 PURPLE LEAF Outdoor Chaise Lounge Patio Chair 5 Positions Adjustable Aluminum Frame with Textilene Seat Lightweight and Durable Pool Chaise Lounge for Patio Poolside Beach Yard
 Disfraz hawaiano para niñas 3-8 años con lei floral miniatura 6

==

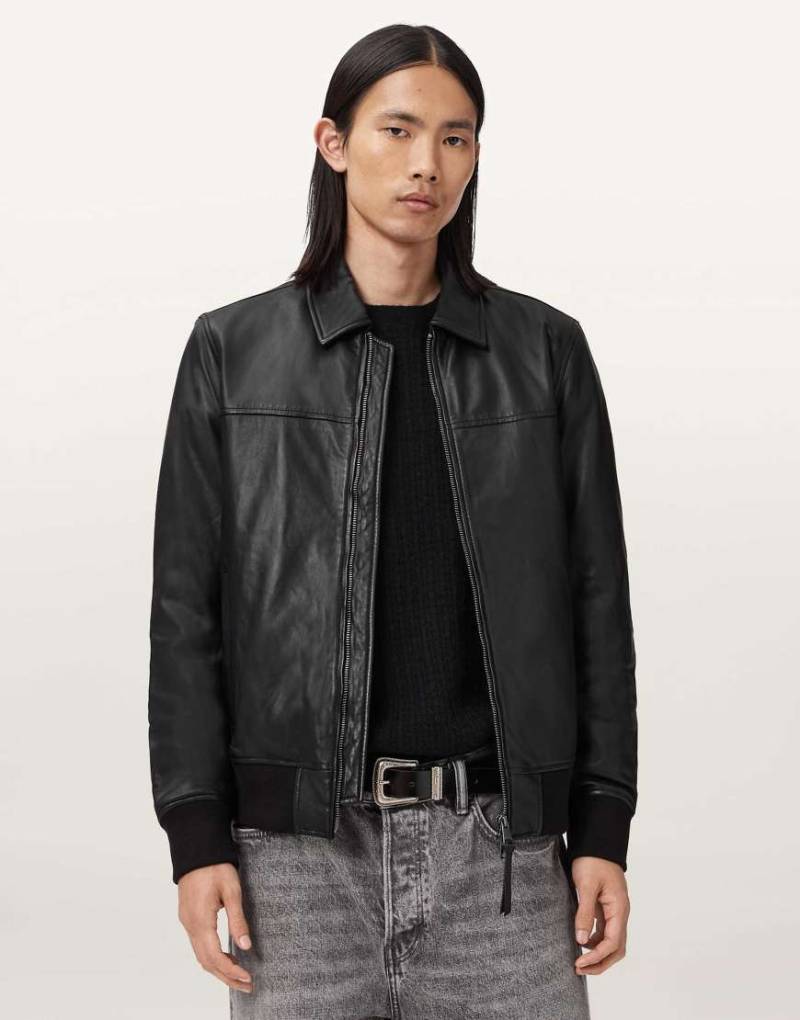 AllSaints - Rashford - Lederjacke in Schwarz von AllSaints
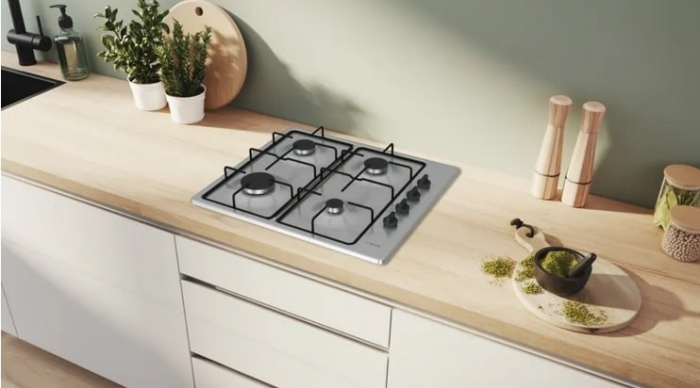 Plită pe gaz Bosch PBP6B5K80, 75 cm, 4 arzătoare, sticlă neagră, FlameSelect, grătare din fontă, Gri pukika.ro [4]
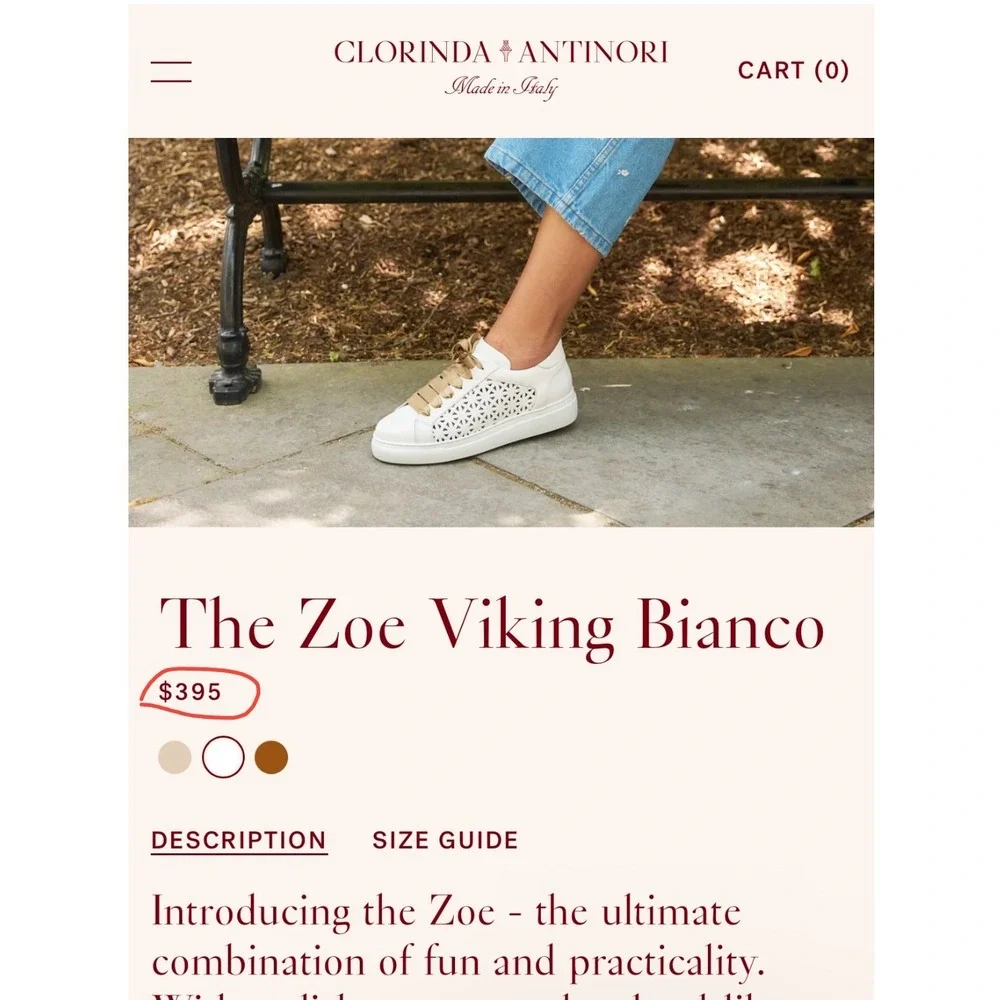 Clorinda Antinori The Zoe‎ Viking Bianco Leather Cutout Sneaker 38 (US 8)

* The problem
Reproduce only the lines above spanning from the line containing "PURPLE LEAF Outdoor" through the line containing "Disfraz hawaiano para", word for word.

* Your response
 PURPLE LEAF Outdoor Chaise Lounge Patio Chair 5 Positions Adjustable Aluminum Frame with Textilene Seat Lightweight and Durable Pool Chaise Lounge for Patio Poolside Beach Yard
 Disfraz hawaiano para niñas 3-8 años con lei floral miniatura 6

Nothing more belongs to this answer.